The Supreme Court in Britt’s home state made a decision that shocked families across the country just over two weeks before her speech: The top court of Alabama said that frozen embryos used in IVF are children and are protected by state law.

Patients and doctors went crazy trying to figure out what the choice meant for people trying to get pregnant, often after years of struggling to have children. After the decision, the University of Alabama at Birmingham and other facilities in the state quickly stopped some infertility treatments out of fear that they could be charged with a crime for handling embryos.

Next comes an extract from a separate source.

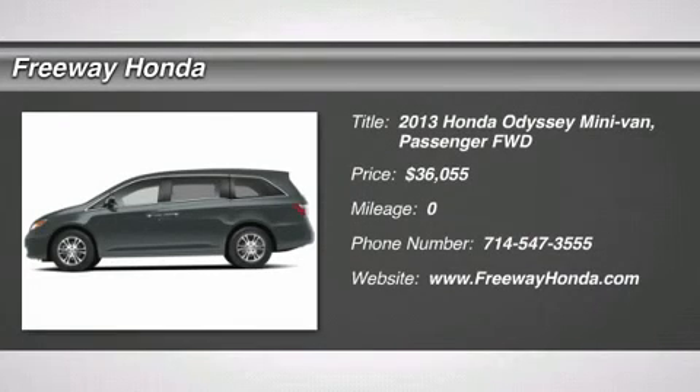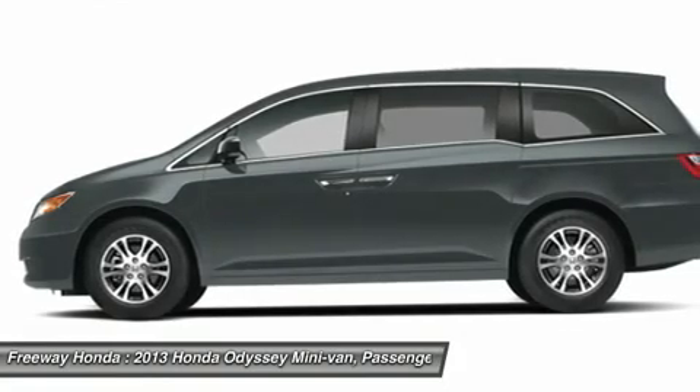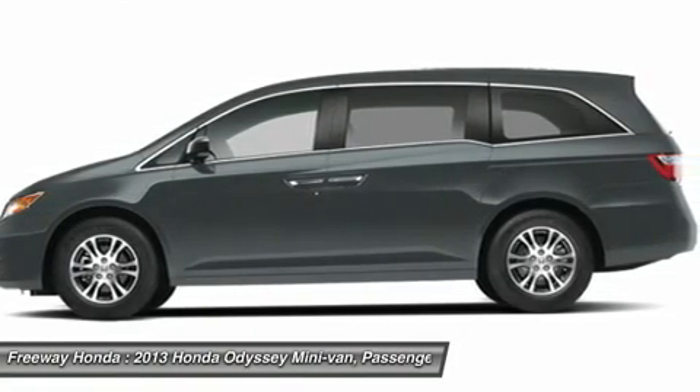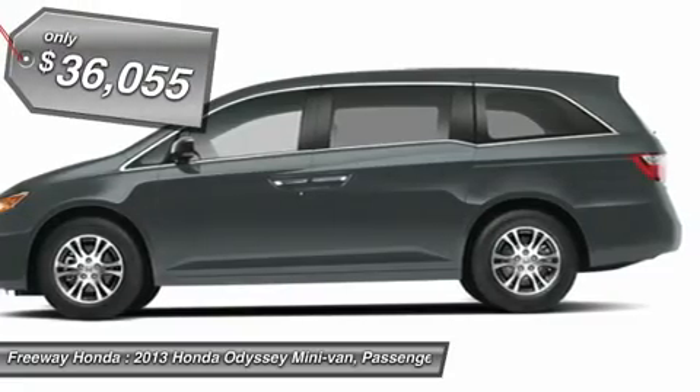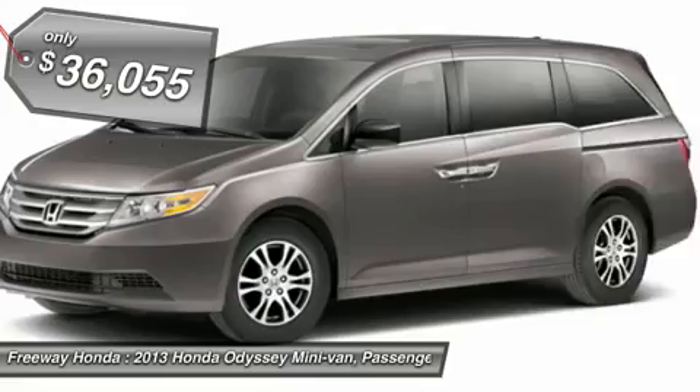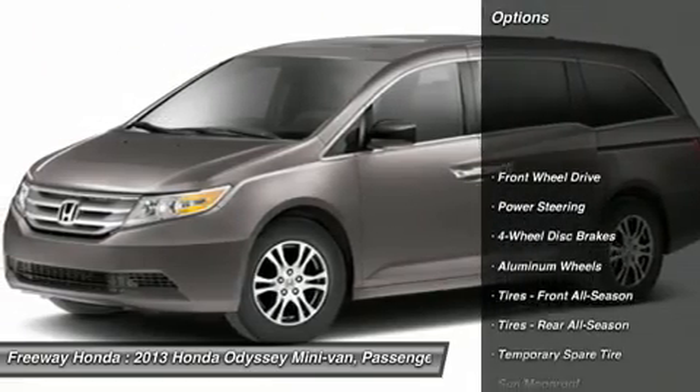The 2013 Honda Odyssey. The Honda Odyssey is a showcase of distinguished style, captivating technology, and advanced safety features. A must for all families and is priced below $40,000. Here are some of this vehicle's great options.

Many Republicans showed up to say they agreed with the process. They also asked the Alabama lawmakers to make sure that families can keep using IVF without worrying about getting in trouble with the law.

After the decision, Britt also spoke out in favor of IVF. She has said that she is “pro-life” and that she thinks life starts at conception. But after the decision, she said, “Defending life and making sure that loving parents can continue to access IVF services are not mutually exclusive.”

Her enemies have not agreed with that point of view. They said Britt was “an anti-choice extremist” in a statement.

“Make no mistake: Britt and her fellow MAGA extremists are backing a cruel, dangerous, and unpopular anti-choice agenda that would outlaw abortion nationwide and risk access to IVF for Americans trying to grow their family,” DNC spokesman Alex Floyd said.

When Democrats in the Senate tried to move forward with a bill that would protect fertility procedures at the federal level, Republicans mostly wouldn’t say they would back it. On the Senate floor, Sen. Cindy Hyde-Smith, R-Miss., stopped the plan.

But when Britt replies to the president on Thursday, IVF and worries about the procedure are likely to be on the conservative lawmaker’s mind.